Health care activist: Buttigieg plan ‘preserves the status quo to a large extent’

A prominent health care activist called out South Bend, Ind., Mayor Pete Buttigieg’s “Medicare for All who want it” plan, arguing it merely preserves the status quo for the health care industry. 

“It preserves the status quo to a large extent. It keeps the insurance industry fully in charge of our health care system, and that is why we’re having this debate in the first place,” Wendell Potter, a former health care executive who now serves as president of Medicare for All Now, said on Hill.TV’s “Rising” Thursday.

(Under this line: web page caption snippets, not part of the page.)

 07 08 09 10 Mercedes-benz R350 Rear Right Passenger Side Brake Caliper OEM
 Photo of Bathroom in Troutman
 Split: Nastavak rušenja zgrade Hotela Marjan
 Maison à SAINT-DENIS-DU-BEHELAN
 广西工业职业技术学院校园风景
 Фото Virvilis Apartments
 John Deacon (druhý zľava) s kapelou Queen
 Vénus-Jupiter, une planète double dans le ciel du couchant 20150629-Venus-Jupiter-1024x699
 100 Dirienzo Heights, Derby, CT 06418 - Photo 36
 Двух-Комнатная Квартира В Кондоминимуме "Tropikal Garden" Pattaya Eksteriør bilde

“Pete’s plan would thrill them because it lets them keep doing the things that they’ve been doing and making profits off of all of us,” he added of the former South Bend, Ind. mayor’s plan.

Health care has emerged as one of the chief fissures in the Democratic primary field, with the candidates battling over how far to expand coverage for Americans. 

Sen. Bernie Sanders (I-Vt.), the leading progressive in the field, has proposed a “Medicare for All” plan that would scrap private insurance and introduce a single-payer system. 

Centrists like Buttigieg have instead introduced plans to expand the Affordable Care Act and include a Medicare option for those who want it.

Moderates have slammed Sanders’ plan as too expensive, though Sanders has said his proposal would offset costs already besetting families, such as high premiums.